I think we do it on a number of levels. I think, one, we need to remember whose we are — that we represent another king and another kingdom.
We have to make voting decisions, we have to choose what institutions we’ll be a part of, what political parties we’ll be a part of. That’s just the way our republic works. But if we’re to be sojourners and strangers, as 1 Peter says we are, then we should never feel completely at home in any earthly movement. There should always be a little bit of dissonance, a little bit of discomfort — whether you’re a Republican or Democrat — with the overall party.
Secondly, more importantly, even in the way we talk to each other, the rhetoric we use. Can we have robust disagreements about public life and yet consider the person who disagrees with us as a human created in the image of God [worthy of] dignity and respect?
When we make arguments online, we’re not just arguing with an avatar. We’re having a discussion with a human being. God doesn’t just care that we make the right arguments and that we stand up for truth, but also in the way we do it.
I can’t help but think about this in the context of #MeToo and #ChurchToo. What role do believers have in those movements?
We’re seeing across Christianity a kind of revelation that some of our power structures, some of our institutions have not protected the vulnerable among us. You just think about the horrific child sexual assault that, quite often, our institutions have been more interested in protecting the reputation than protecting the innocent and the vulnerable.
I think this is a time to press into culture the dignified and beautiful sexual ethic of the Scripture. I think a lot of people are asking — even people who aren’t believers — are saying, “Maybe the sexual revolution has not been good for us. Maybe it’s not been good for women. Maybe it’s not been good for innocent children, this idea that I can have whatever I want whenever I want it.”
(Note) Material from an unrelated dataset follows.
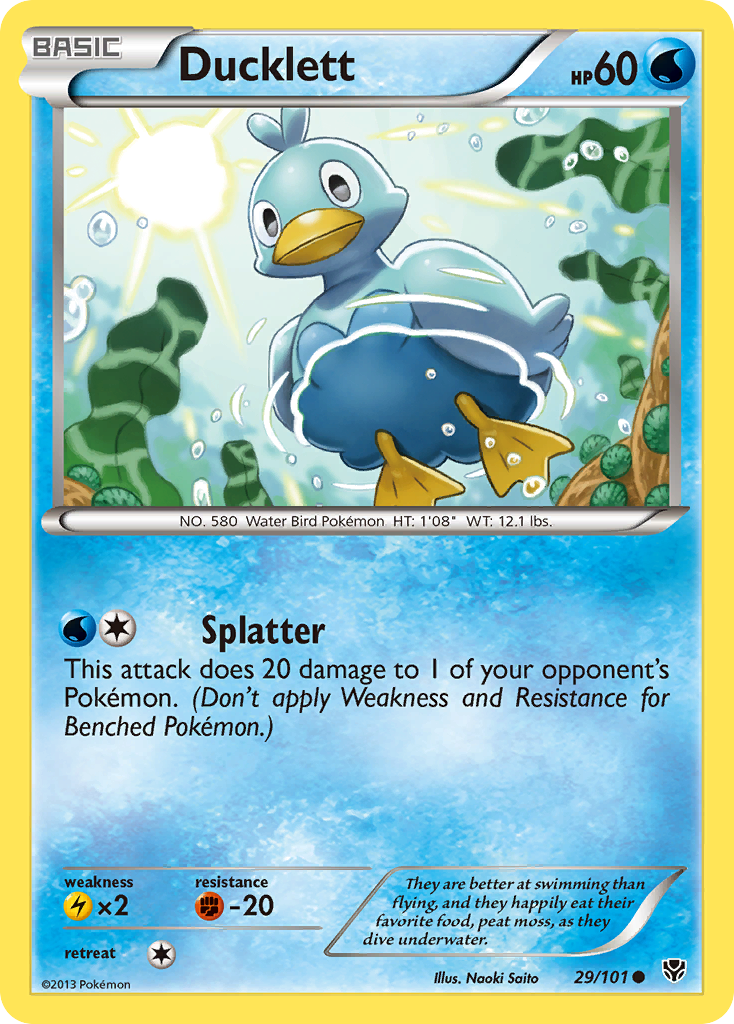 Ducklett (29/101) [Black & White: Plasma Blast] | Total Play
So this is an opportunity for us to say, “There’s a better way. God has designed us for something much better and, unlike the unfulfilled promises of the sexual revolution, God’s way for us is always better and always more fulfilling.”
How can Christians practically walk the line of adhering to truth while also seeking to build bridges?
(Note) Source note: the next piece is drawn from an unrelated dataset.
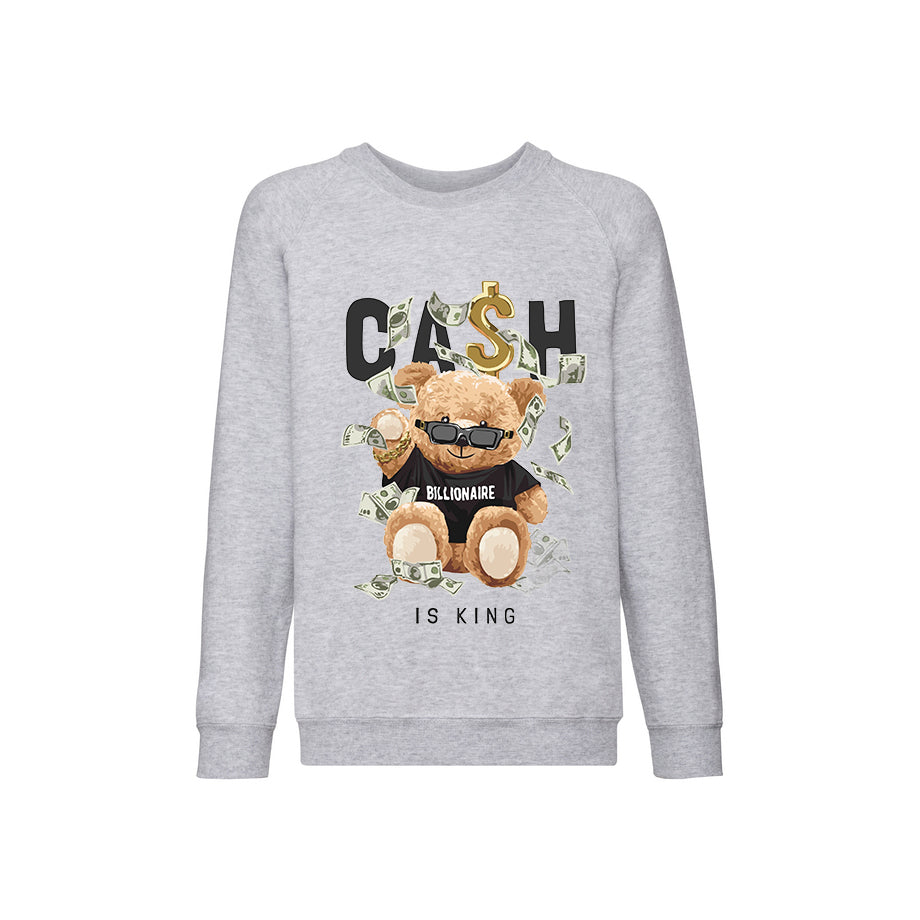Eco-Friendly Billionaire Bear Kids Sweater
The important thing is we need to let our faith shape our politics rather than letting our politics shape our faith. We are always being formed in some way and, too often, when it comes to our political theology, we’re formed by our influencers or by our tribes.
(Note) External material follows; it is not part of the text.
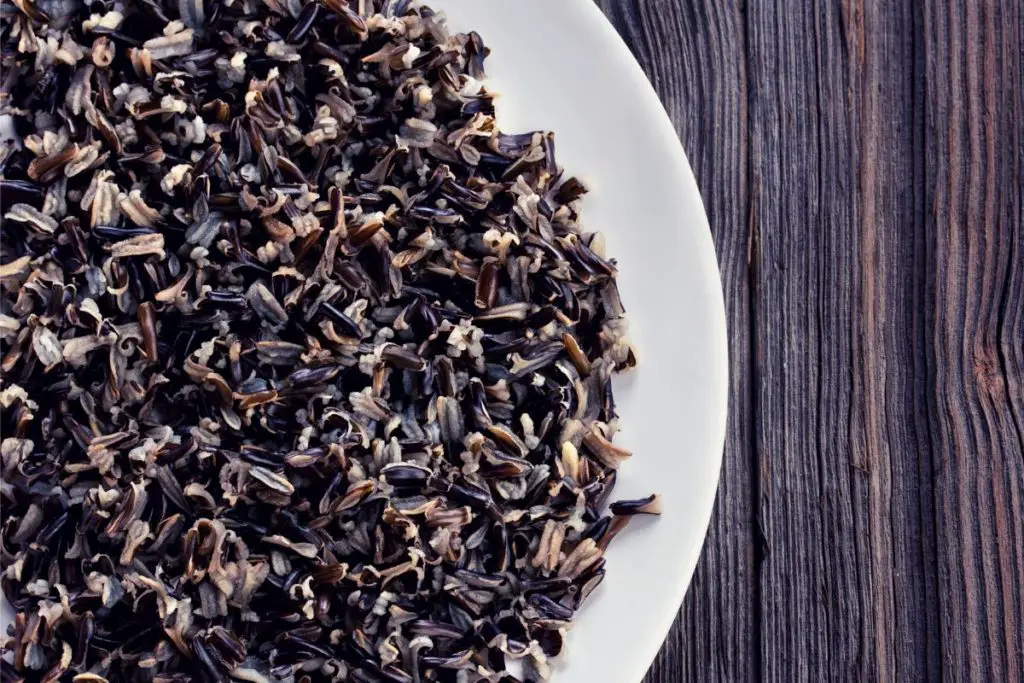 boiled wild rice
You see this on the left and right with Christians. I think we need to be formed by the scriptures. We need to be formed by a kingdom ethic, which means sometimes we’re going to sound very, very conservative — almost out of step, especially when we’re talking about sexual ethics and the pro-life movement — [and] sometimes we’re going to sound more progressive even though we’re really not, when we talk about racial reconciliation, the dignity of immigrants, refugees.
We need to let our faith and let the scriptures shape our politics rather than bending the Scripture around our movement or our politics.
What did you learn writing the book and what do you hope readers take away from it?
One of the things I learned in studying this idea of human dignity that just gave me so much more faith and trust in the Christian gospel and in the stories is just how robust and beautiful this Christian vision of human dignity is.
Human dignity is one of the best gifts that Christianity gives to the world. Without Christianity, you don’t have this robust vision of human dignity.
The idea that humans are valuable is present in some other religions and other philosophies, but Christianity offers the most robust vision — not just for who we are as humans but also for how to fix a fallen humanity. What the first Adam could not do, Jesus, as the second Adam, comes in the flesh and he restores our humanity and we will one day rise again in new bodies with a perfect humanity.
The Christian story, even if you don’t believe it’s true, which I hope you do, you wish it was true because it’s the fullest, most robust vision for human life.